3. Participation of Government in regulating online activities
– would enactment of legislation help or hinder here?

4. We need openness in this environment
– open standards and maybe also open source
– affordability of cloud computing can help to overcome the digital divide
– expectation of users is that they can access the service where and when they like

Development of laws and policies in this environment has occurred primarily at an international level (e.g. OECD – Seoul Declaration), but there is still no international body charged with regulating online commerce


Q: Ashley Buckle – Monash: not convinced that this is a solution for him running a small research lab – this is the problem: convincing people that this is for them, especially when they don’t want to be guinea pigs for new projects that may not work

A: Tony – you can only be convinced by something that works for you. There will be a variety of academic cloud services. But the real test is that it is easy to use, can be acquired easily and cheaply, and it should work for you and if it doesn’t work then you shouldn’t use it.

Q: If Microsoft and Google etc operate cloud computing services outside of the USA, does the Patriot Act still apply to them?

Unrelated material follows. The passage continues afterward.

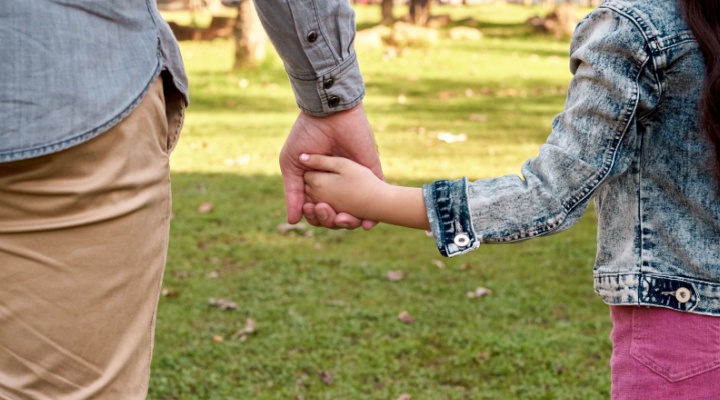 rent and child holding hands.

A: Not an expert on Patriot Act, but – we need to establish a uniformity or conformity throughout the world, after discussion among countries, and not just have one country’s law dominate, otherwise this could actual be a barrier to trade etc.

eResearch Australasia Conference 2008

I am currently in Melbourne for the week, attending the eResearch Australiasia Conference 2008, hosted by the Australian Government Department of Innovation, Industry, Science and Research (DIISR) at the Sebel and Citigate Hotels, Albert Park. The conference runs from Monday 29 September – Wednesday 1 October, then there are two days of workshops on Thursday 2 and Friday 3 October. I will be here until Friday. I will try to blog my notes as I go (subject to internet availability) and I will post my overall comments at the end.